D. Analysis of Whether the Defendant is Not Criminally Responsible
[90] The parties agree, and I accept, that the defendant was suffering from a mental disorder at the relevant time. Specifically, I find that the defendant’s mental disorder was a Major Depressive Disorder with psychotic features. I also find that, at the time of the offence, the defendant suffered from some cognitive deficits, including reduced executive function, reduced attention, reduced organizational skills, and paranoia, particularly toward his wife. I find that the cognitive deficits likely arose out of the Major Depressive Disorder, not out of a separate physical cause, but for the purposes of this decision the origin of the cognitive deficits is not important.
[91] Regarding the second branch of s.16(1), defence counsel submits that I should find that Mr. Tkachyk suffered from a delusion at the time of the offence, and that the delusion rendered him incapable of knowing that his actions were morally wrong. The Crown submits that Mr. Tkachyk’s state of mind should not be described as delusional.
[92] In my view, this debate about whether the defendant’s state of mind should be labelled as a delusion is a collateral issue, not a primary issue, in this s.16 analysis. The word delusion is a vague word and could mean different things depending upon the circumstances. As I discussed earlier, any alleged delusion must be defined and applied in the context of the case before the court. I find that it is essential in a s.16 analysis to define with precision the state of mind of the defendant, regardless of the label.
[93] In the present case, there is no evidence that the defendant ever entered a delusional state such that he was completely removed from reality. That is, the defendant was never like the defendant in the Oommen decision who believed that he was in immediate danger as he was surrounded by people who were about to kill him. Further, there is no evidence of visual or auditory hallucinations that might be a hallmark of a significant delusion. There was a reference in this case to an instance of the defendant hearing sounds from a furnace or a refrigerator, but that occurred in the spring of 2019, and there was no evidence of a repetition of that alleged auditory hallucination.

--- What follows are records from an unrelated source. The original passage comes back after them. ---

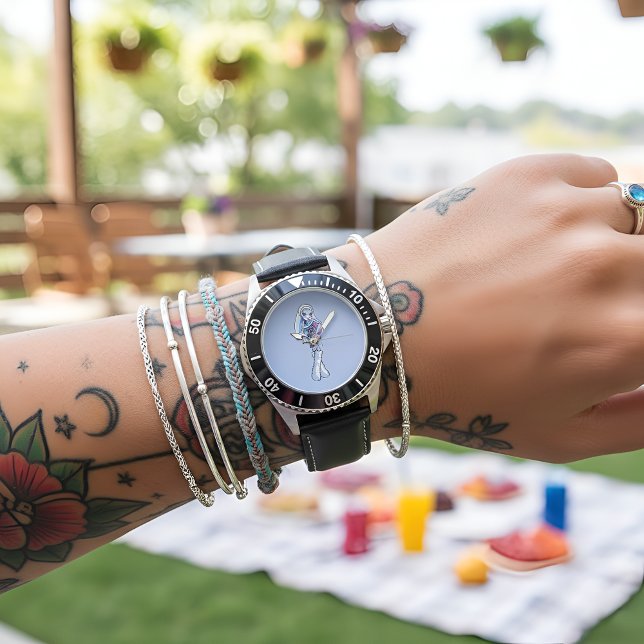 Abtei-Wache Armbanduhr (Von Creator hochgeladen)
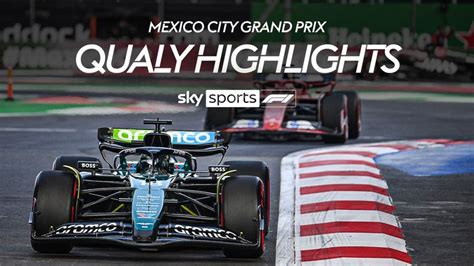 Mexico City Grand Prix | Qualifying highlights | F1 News | Sky Sports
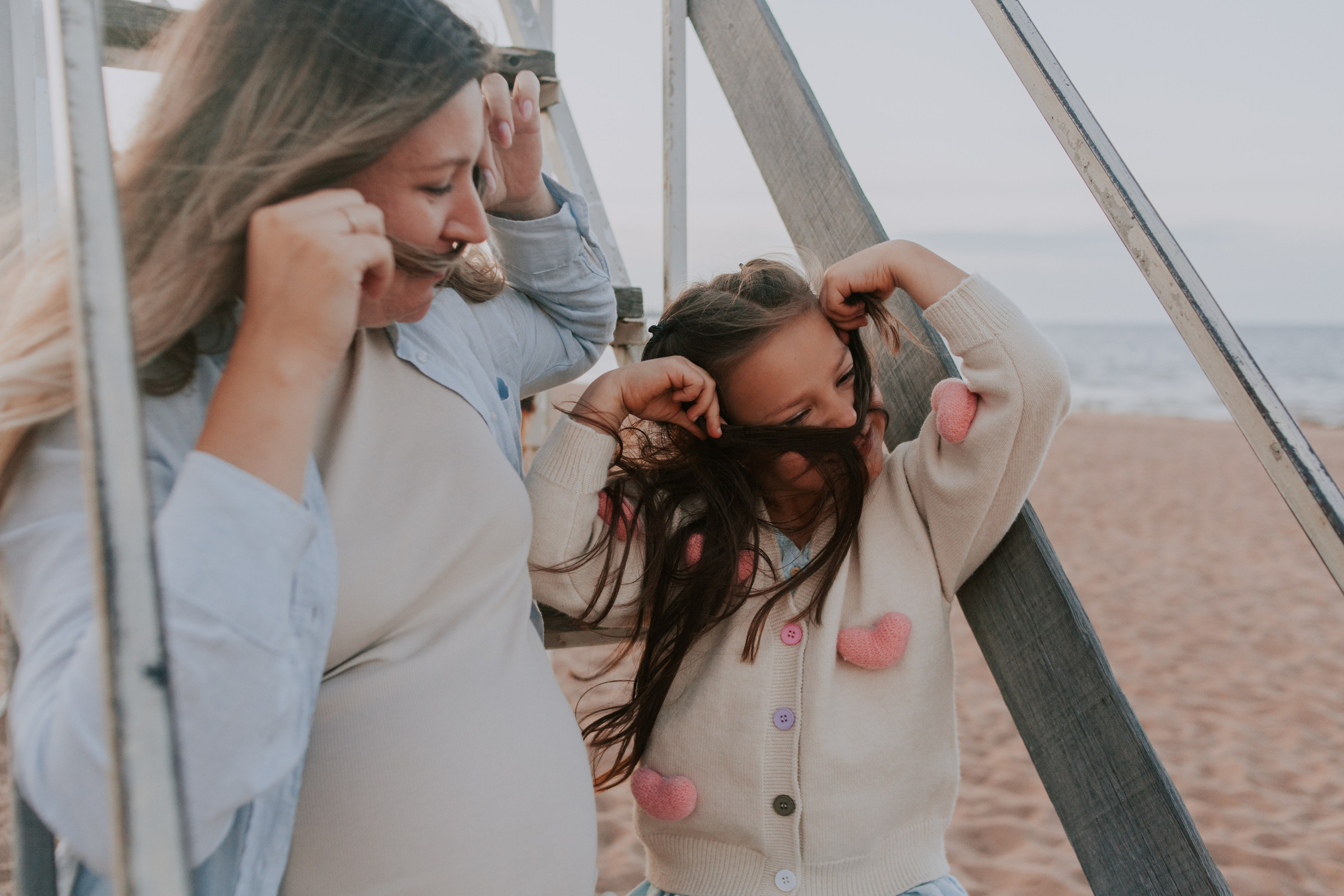 Ксюша и Ева. Семейный фотограф во Всеволожске и Санкт-Петербурге Юлия Капустина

[94] However, Mr. Tkachyk clearly believed that his wife was going to put him in a seniors’ home and take all his money. On a balance of probabilities, I find that this was a false belief. Defence counsel asks me to label this false belief as a delusion; I accept that it could fall within the broad meaning of the word delusion as this false belief was an incorrect interpretation of the factual situation. That being said, I find that it is more accurate and more precise to refer to Mr. Tkachyk’s state of mind as a false belief, not a delusion.

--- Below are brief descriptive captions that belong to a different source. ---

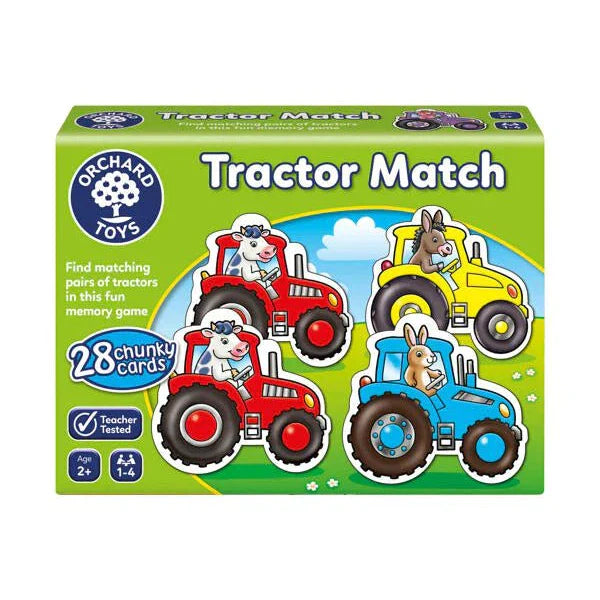 Orchard Toys Tractor Match Puzzle / Game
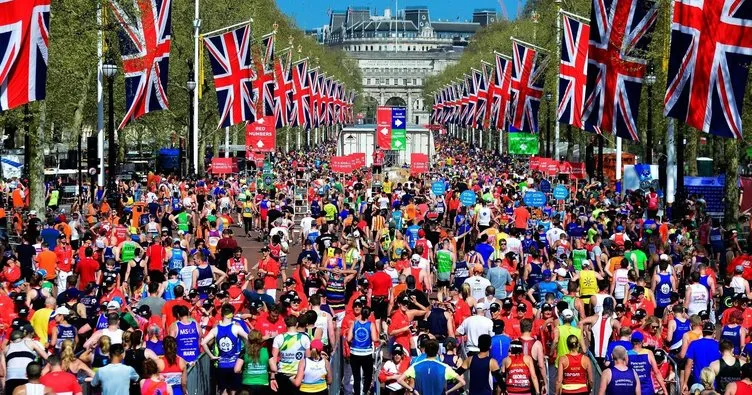Londra Maratonu koronavirüs nedeniyle ertelendi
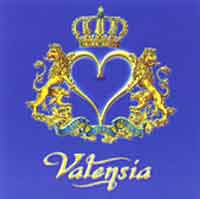 [Valensia The Blue Album - Who Says Modern Pop Music Has To Be Bad Album Cover]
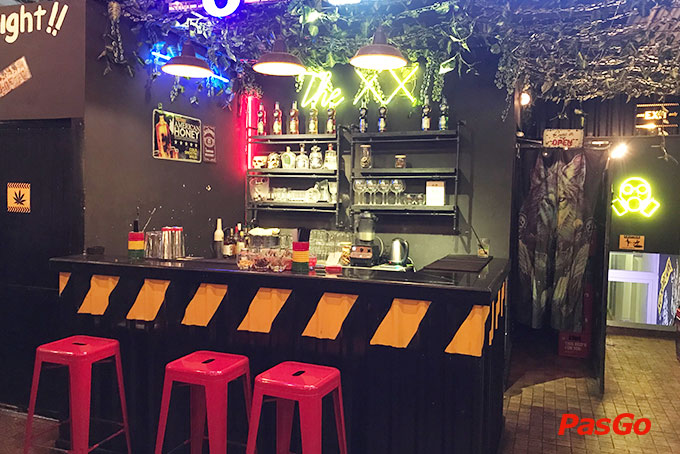 Nhà hàng Warning Zone 14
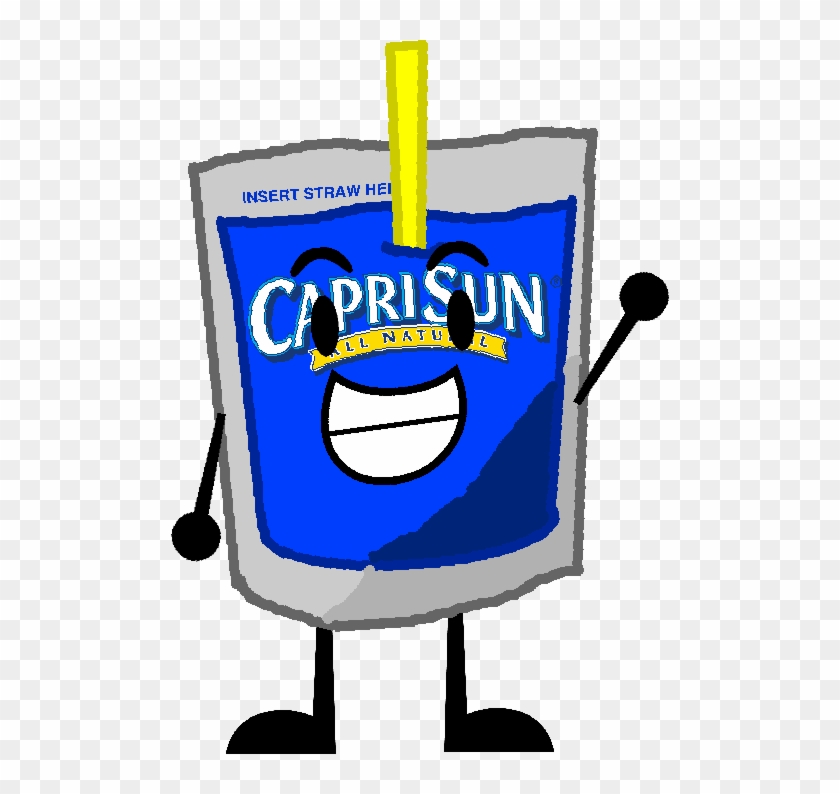 Object Character - Capri Sun Clipart #70137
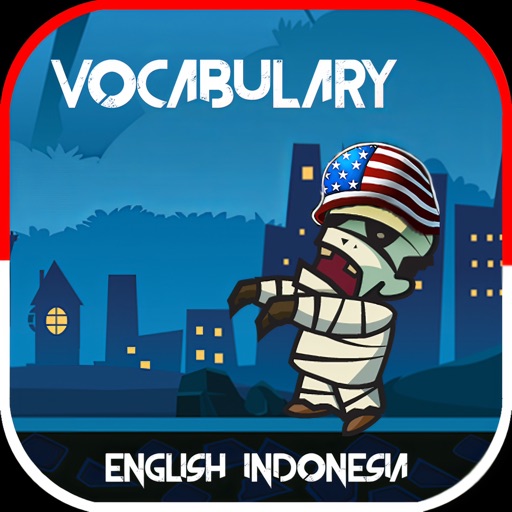 Zombie Vocabulary Indonesia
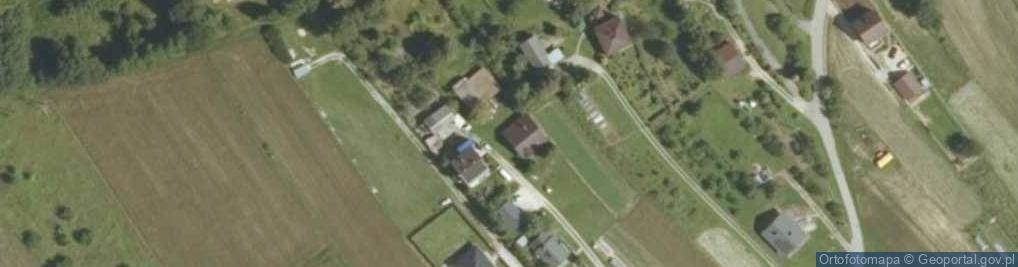 Zdjęcie satelitarne Łysa Góra ul.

[95] I have also taken into consideration the fact that the defendant’s diagnosis includes a reference to psychotic features, and that Dr. Ferencz used the word delusion to describe those psychotic features. Again, it is essential to define those psychotic features.
[96] At trial Dr. Ferencz confirmed that the psychotic features he saw were the defendant’s paranoia about his wife, as observed by Mr. Silver, and his suspicion that his wife was going to put him in a home and take all of his money, as observed by Dr. Bradford and in part by Dr. Ferencz. There were no other delusions or examples of psychotic features. Toward the end of his cross-examination Dr. Ferencz summarized his opinion on this point by stating, “I believe that his motive was delusional in nature. It was not based in reality.” [Emphasis added]

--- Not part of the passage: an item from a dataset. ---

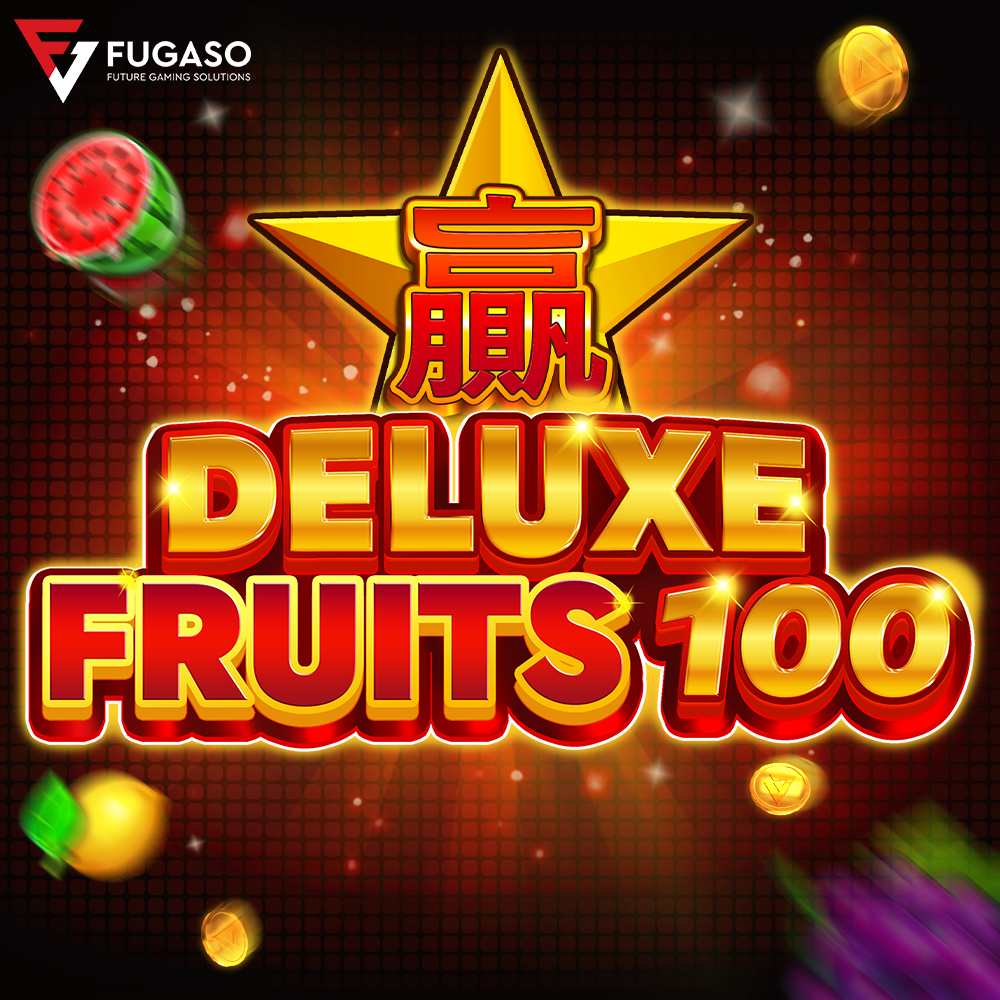 Slot makinesi Deluxe Fruits 100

[97] Therefore, I find that the only psychotic feature of Mr. Tkachyk’s mental disorder was his false belief that his wife was going to put him in a home and take all of his money. This false belief was certainly fueled in part by the defendant’s paranoia and suspicion; however, except for the false belief about his wife’s intentions, there was no other delusion or psychosis at the relevant time.
[98] I next turn to the strength of Dr. Ferencz’s expert opinion on the second branch. In my view, there are several flaws in Dr. Ferencz’s expert opinion, and I find that his overall opinion is weak. I say that not wishing to unduly criticize Dr. Ferencz as he is a well-respected psychiatrist. However, he is a psychiatrist, not a jurist, and the law in this area is complex and evolving.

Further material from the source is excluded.